What does Turkey’s referendum change? The Constitutional Court.
Summary: The proposed new Constitutional Court would be larger, appointed in part by parliament but largely still by the president, and see its military representation reduced.
Turkey’s present constitution was drafted by the country’s last military government in 1982. It is a flawed document: weak on personal freedoms, power is placed firmly in the hands of the state, and plenty of checks and balances are held by the military. All major political parties agree it should be completely rewritten, but disagree on how to do it.
In Turkey’s civil legal system, the Constitutional Court is the highest authority, handling matters relating to the constitution and frequently called upon to resolve disputes. Since AK came to power in 2002, opposition parties – in particular, the CHP – have used the Court as one avenue to prevent what they see as the government’s gradual dismantling of the secular system. Frequent appeals have made the Court highly influential cover current affairs; the current president, Haşim Kılıç, has been something of a regular in this blog.
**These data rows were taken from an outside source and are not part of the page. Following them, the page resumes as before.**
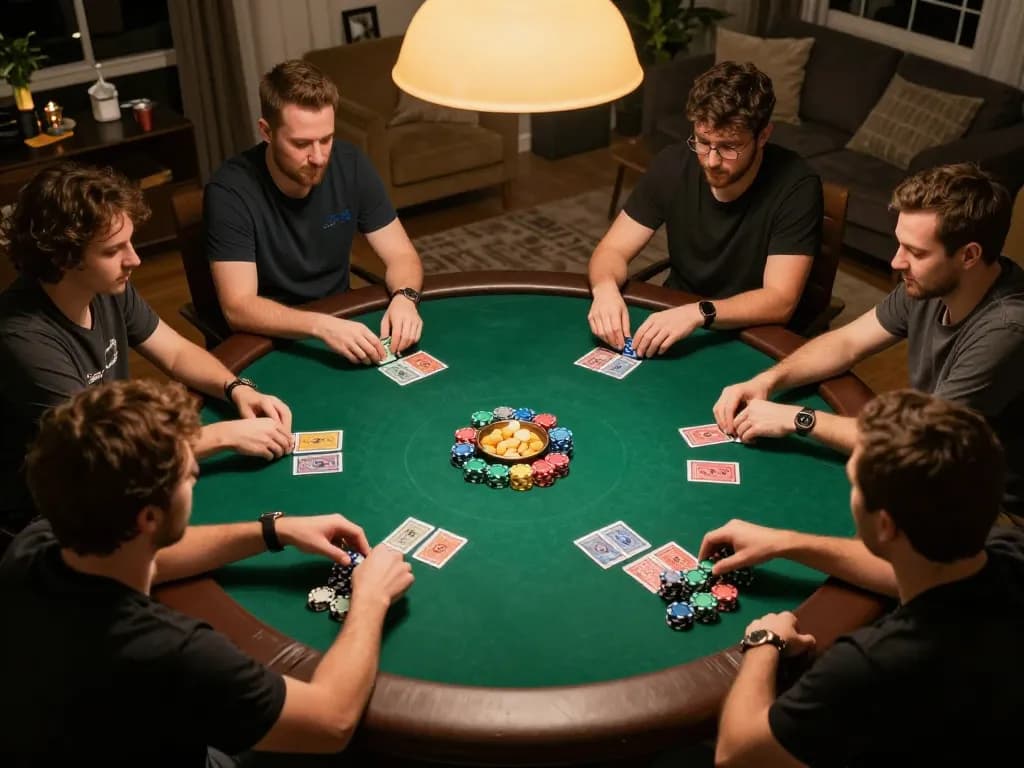 Players enjoying a winner's night at Hello88 poker game, strategizing over cards and chips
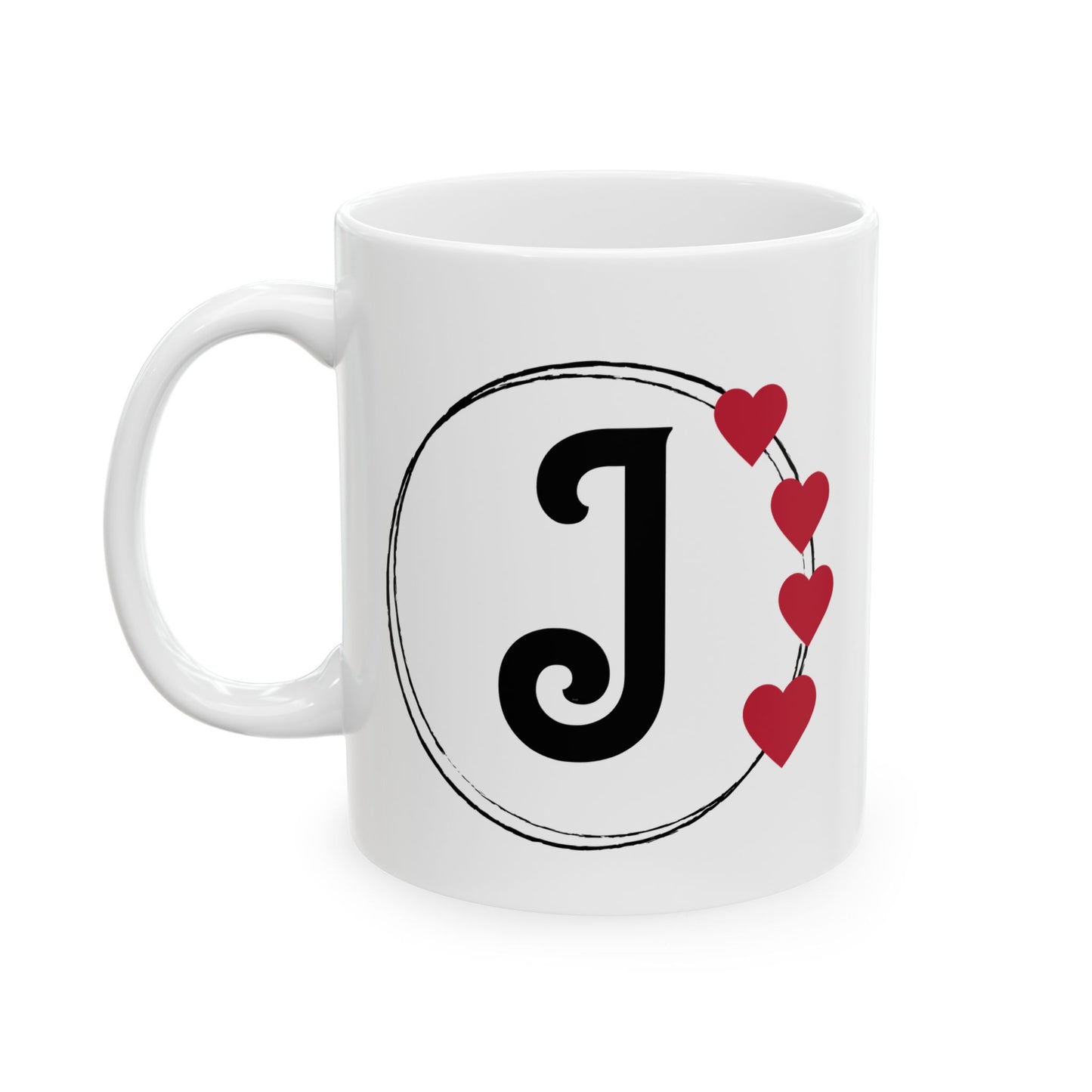 Letter "J" Monogram Heart Design Coffee Mug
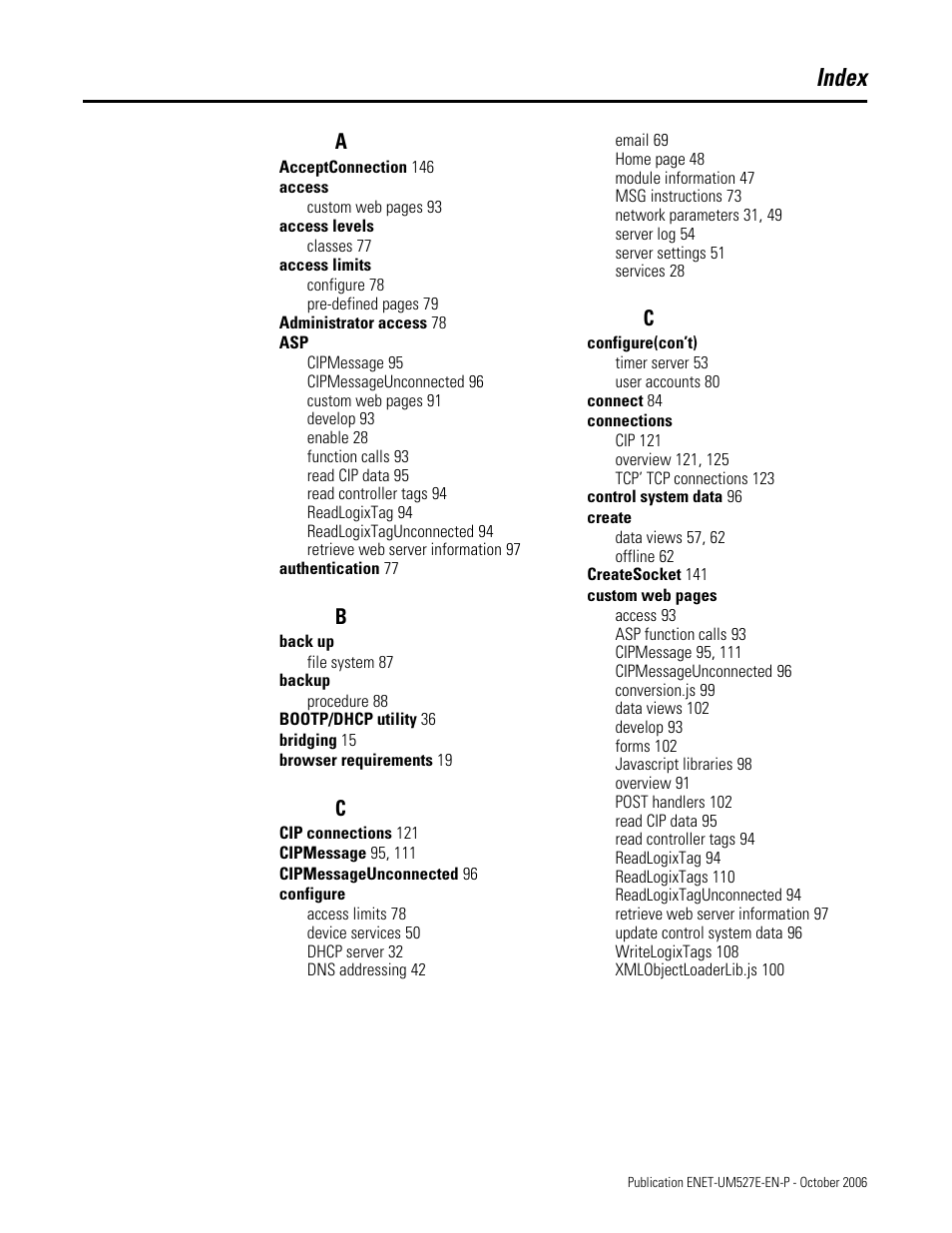 Index | Rockwell Automation 1768-EWEB EtherNet/IP Web Server Module User Manual User Manual | Page 163 / 170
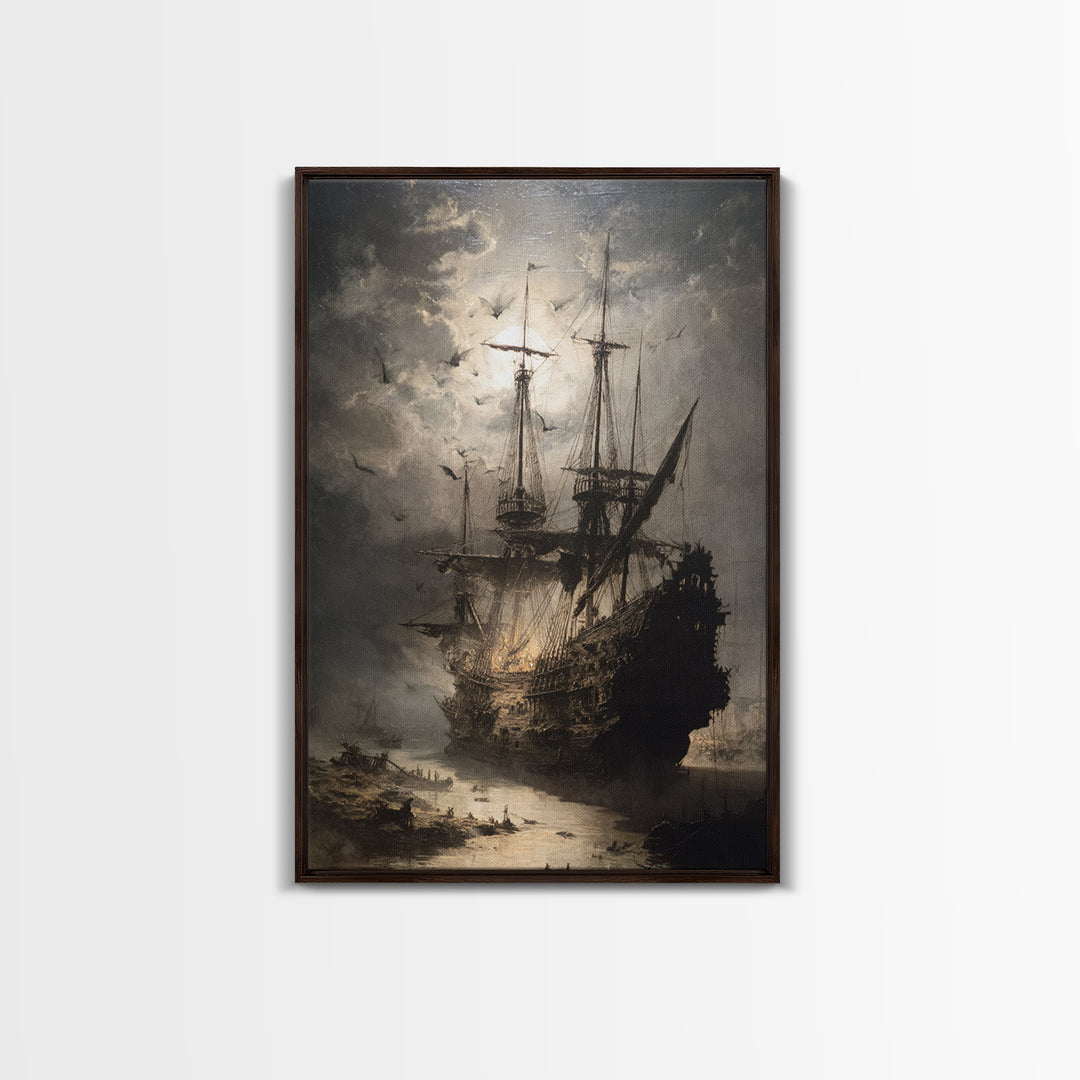 The Shipwreck Cove, Dark Romantic Horror Art, Vertical Wall Art, Dark Halloween Decor, Framed Canvas Print, Halloween Wall Art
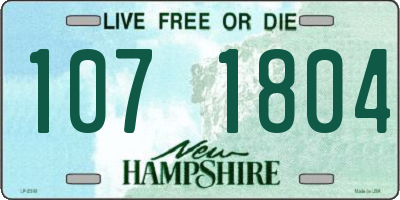 NH license plate 1071804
As it stands, the Court is made up of 11 permanent and 4 reserve judges. Candidates for membership are nominated in lists of three by the highest level courts in the country, including military ones, with some input from a board of university rectors (see table). The president then appoints one judge from each list of three.
If Sunday’s referendum passes, the current system of appointing four ‘reserve’ judges would be abolished. All would sit on the Court for a single 12-year term, and their number would increase by six to 17 judges. The institutions that elect members to the Constitutional Court would be also altered: the Court of Appeal, for instance, would be allowed to appoint one more member, whereas the Higher Education Council would see its representation tripled.
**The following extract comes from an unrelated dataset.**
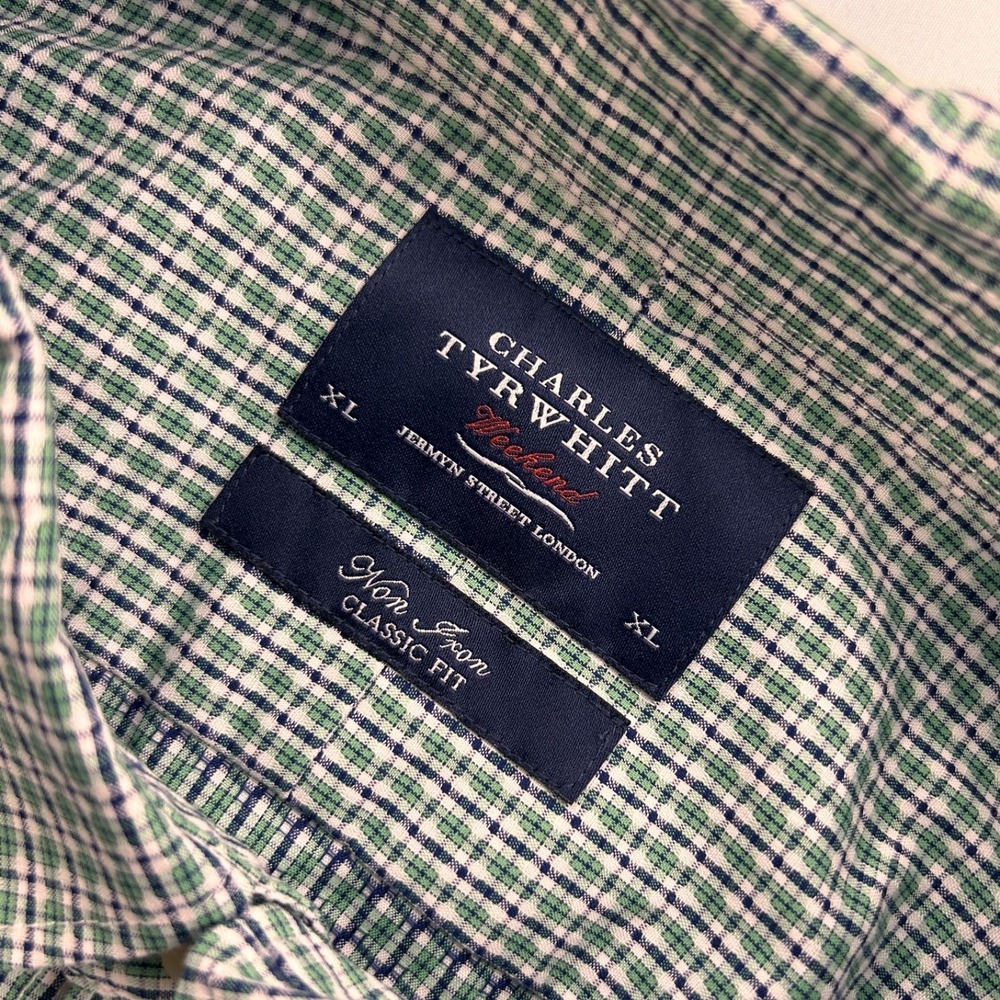Charles Tyrwhitt Weekend Men Green Blue Plaid Cotton Long Sleeve Shirt XL - Picture 2 of 6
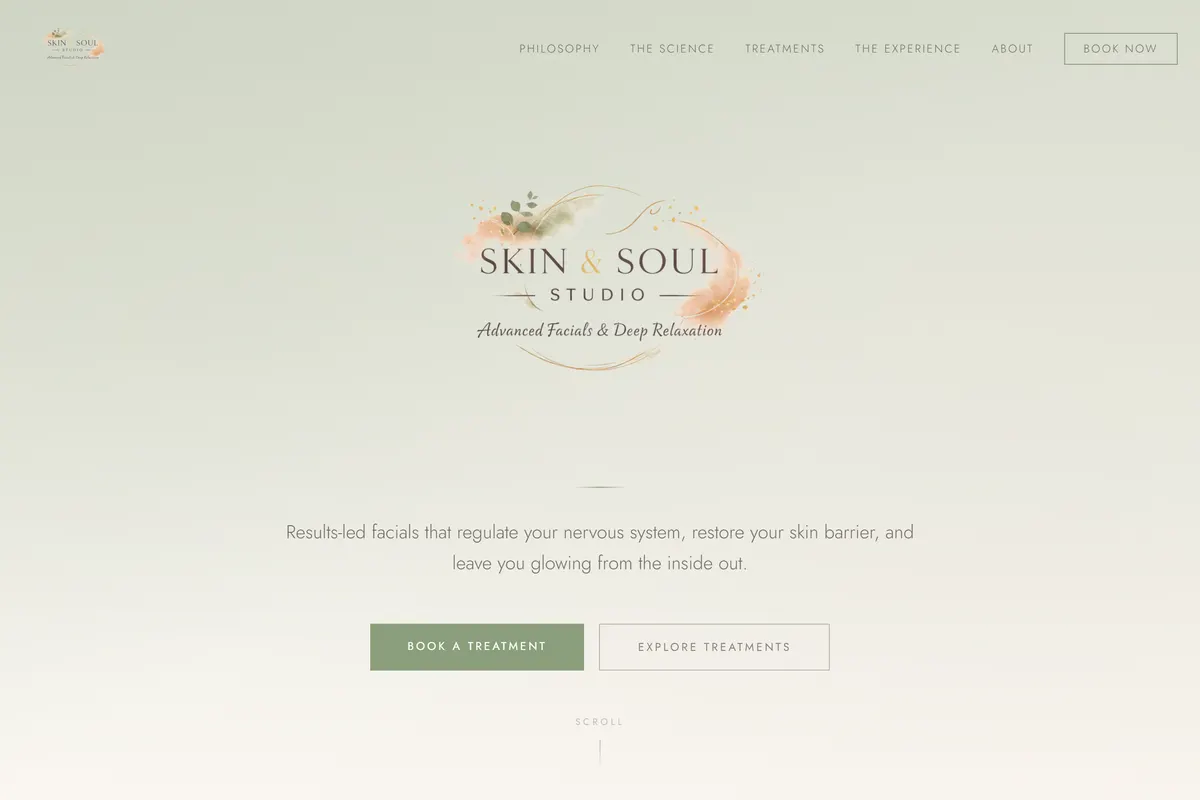 Skin & Soul Studio — facial therapy studio site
The changes being put to referendum on Sunday would also loosen the president’s monopoly on appointing members: parliament would approve two members from the Court of Accounts – the highest auditing authority – and one from nominees in the legal profession. All three would be approved by simple majority.
So what’s controversial? The big fuss is over the “senior individuals” category. The constitutional amendment defines these individuals as selected from among “high-grade directors, lawyers, top rank judges and prosecutors, and Constitutional Court rapporteurs who have served for at least five years”. The president would be granted powers to select four individuals that are suited to that description. He does not have to refer to any institution, nor is he required to accept formal advice. It’s effectively a personal appointment for four judges, who would represent a fifth of the enlarged Court.
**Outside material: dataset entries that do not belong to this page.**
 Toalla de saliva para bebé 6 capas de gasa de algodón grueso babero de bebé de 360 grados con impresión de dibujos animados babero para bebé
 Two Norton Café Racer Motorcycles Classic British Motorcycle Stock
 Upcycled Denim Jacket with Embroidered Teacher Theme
As the above chart indicates, the “senior individuals” group of judges (coloured orange) wouldn’t see a drastic change in representation if the changes are approved. More significant are changes to the Higher Education Council (teal) and the Court of Accounts (mauve), which increase their representation, while the two military representatives (green and purple) are reduced.
The government says this enlarged court will broaden representation on the highest court in the land. Writing in Hürriyet last month Kemal Kılıçdaroğlu, CHP leader, argued that the increased representation of institutions largely appointed by the president and cabinet – such as the Higher Education Council and Court of Accounts – is an attempt by the executive to seize control of the legislature.